Third-party tests support claim for crosslinking spray adhesive
Aerospace manufacturers who adopt vacuum infusion processes are discovering what processors of boat hulls and wind turbine blades already know: Placement of multiple plies of slippery dry fiber reinforcements in molds with vertical sides or tight radii is problematic. Although a common trick of the trade is to use a spray adhesive to temporarily hold the materials in place until placement of the vacuum bag and subsequent injection, general-purpose spray adhesives, applied too thickly or unevenly, can retard or block resin flow through the reinforcements. The resulting voids or “dry spots” are hidden structural weaknesses and raise the risk of delamination under load. In some cases, small bubbles of uncured resin that could not disperse during infusion can cause osmotic blistering. Water that enters thought the blister encounters the resin, forming an acidic solution that eventually breaks through to the laminate surface, causing a hole.
In 2004, Westech Aerosol Corp. (Port Orchard, Wash., USA) introduced InfuZene, a high-temperature, solvent-based spray adhesive tailored for infusion. According to the company, the adhesive fuses reinforcing fabrics to core material or other reinforcements, but doesn’t interfere with resin cure. Instead, Westech says, it is designed to crosslink and cure with vinyl ester, polyester or other styrenated thermoset resin during infusion.

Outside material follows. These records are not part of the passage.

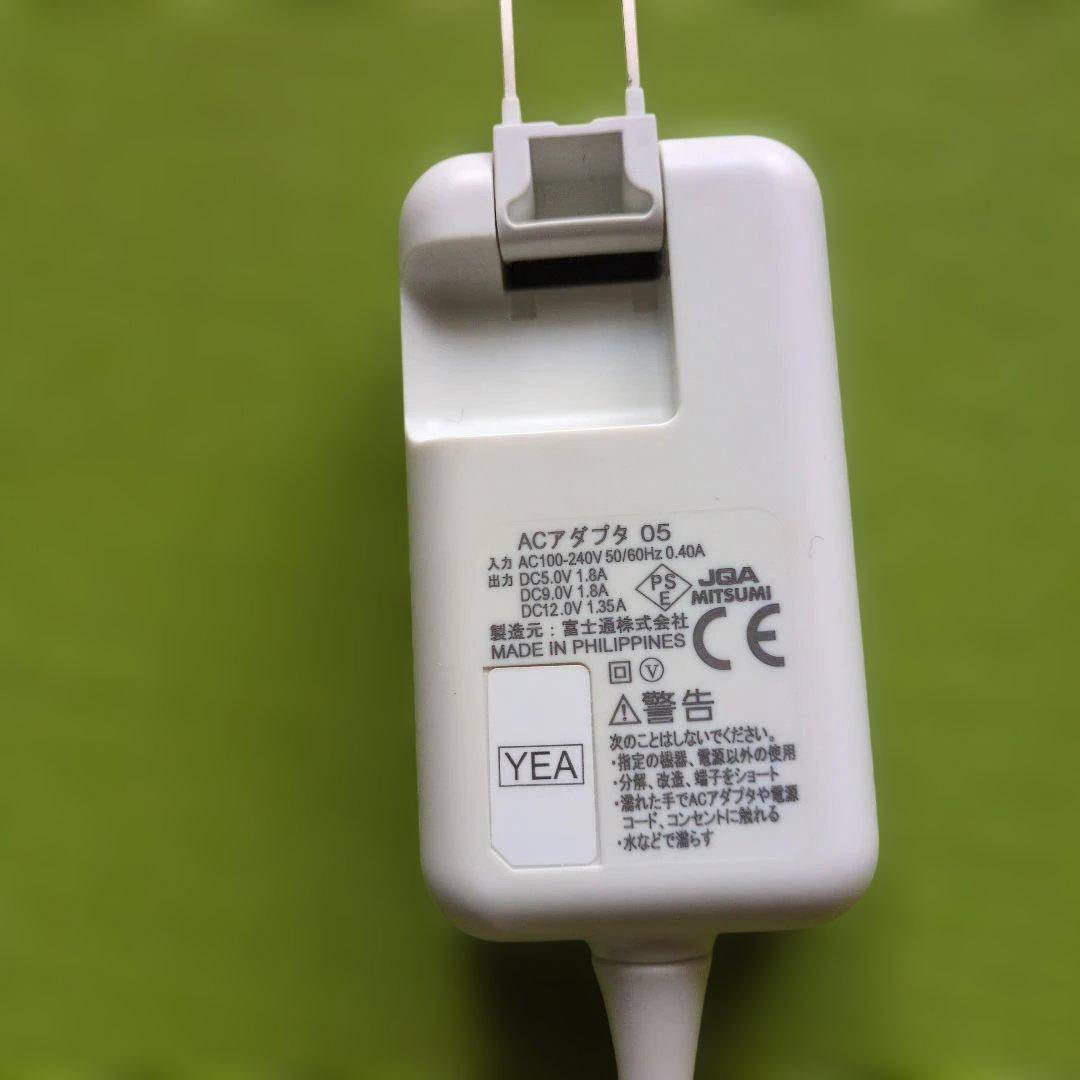 らくらくフォン　docomo Ｆ-06F 水色 充電ドック付き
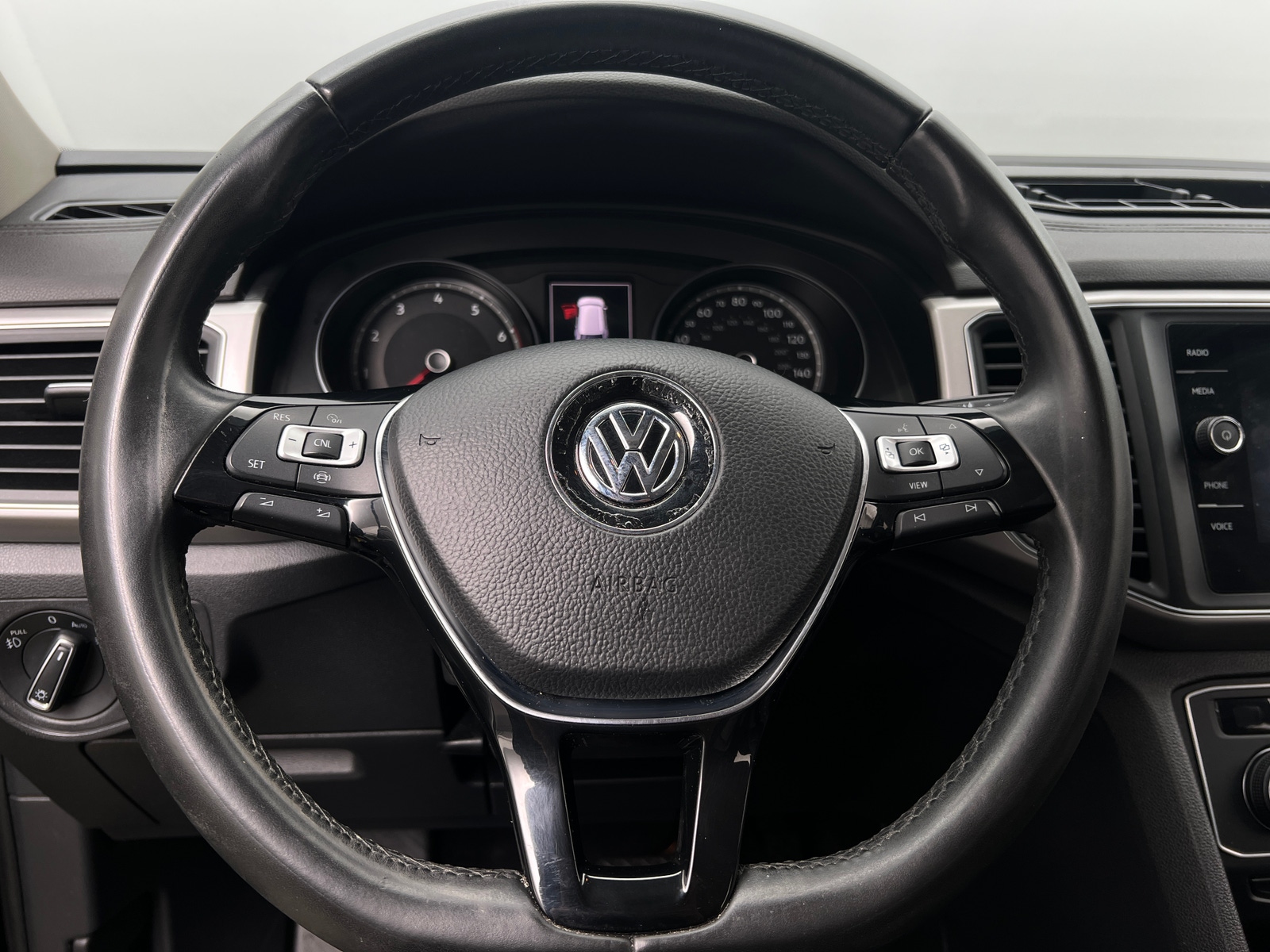 Thumbnail: 2019 Volkswagen Atlas - 4
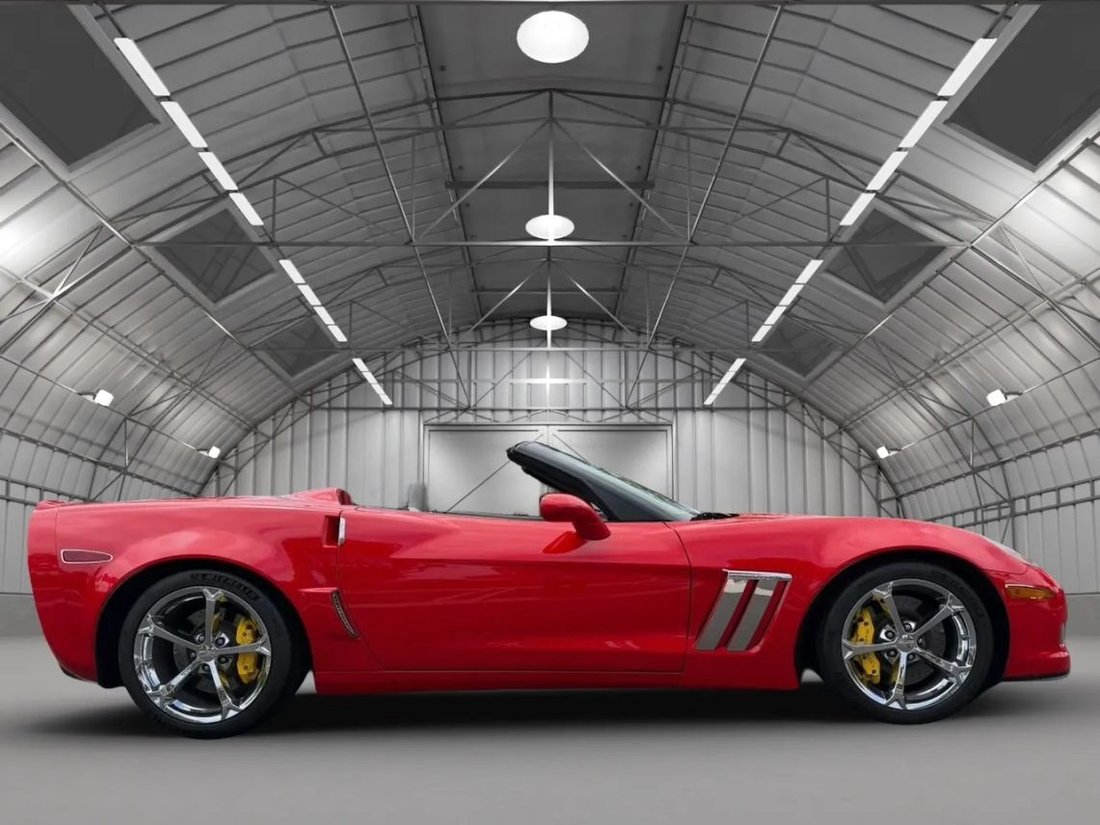 Cabriolet in Orange, CA, United States 2 - 18001025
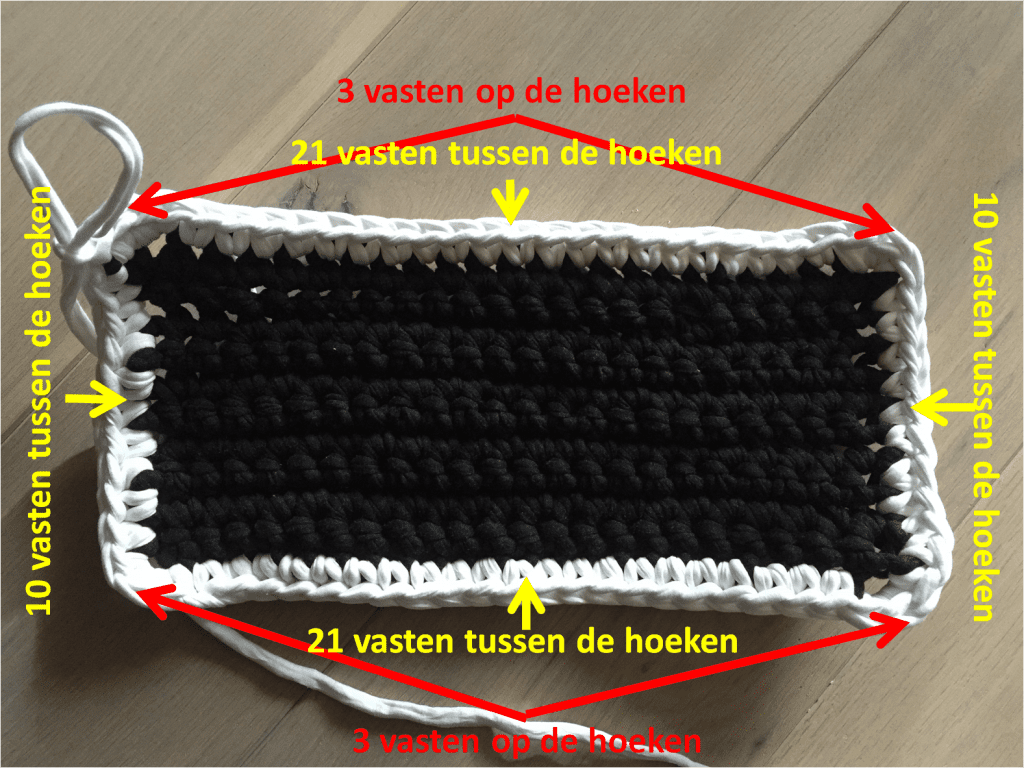 Tutorial met foto's van gratis haakpatroon mand uit textielgaren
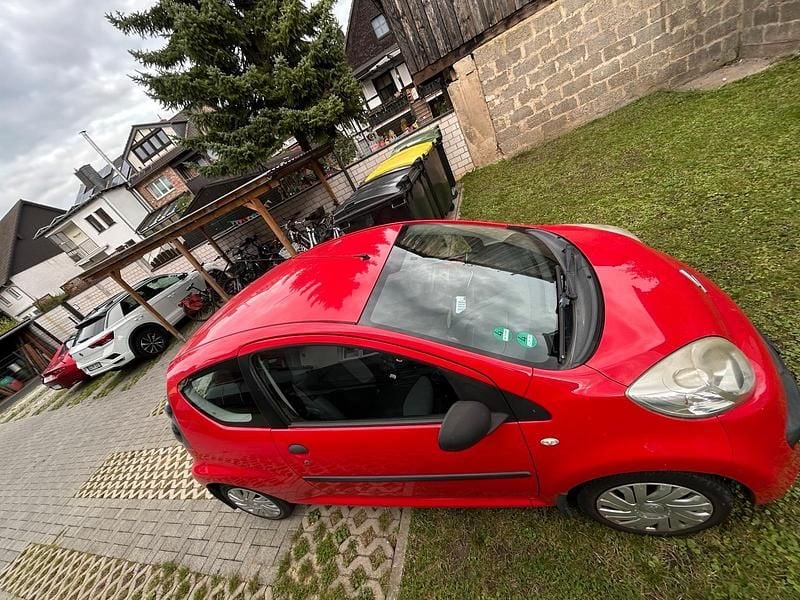 Rot Gebraucht 2007 Citroën C1 Style Kleinwagen | 990 € (Fairer Preis) - Bild 1/4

Recent tests confirm these claims. One test, conducted for the company by an independent university composites-testing laboratory, showed that infused laminates made with Infuzene were up to 30 percent stronger in interlaminar shear strength than laminates made with a leading general-purpose spray adhesive, as measured by ASTM 2344 (Short Beam Shear Strength). In a separate trial, overseen by testing firm CRITT Materiaux Poitou-Charentes (Rochefort, France), Infuzene adhesive was tested alongside an adhesive product typically used in the yachtbuilding industry. The conclusion was that Infuzene showed a superior resistance to osmotic aging vs. the other tested product, which started blistering after only five days of exposure to a laminar flow of water.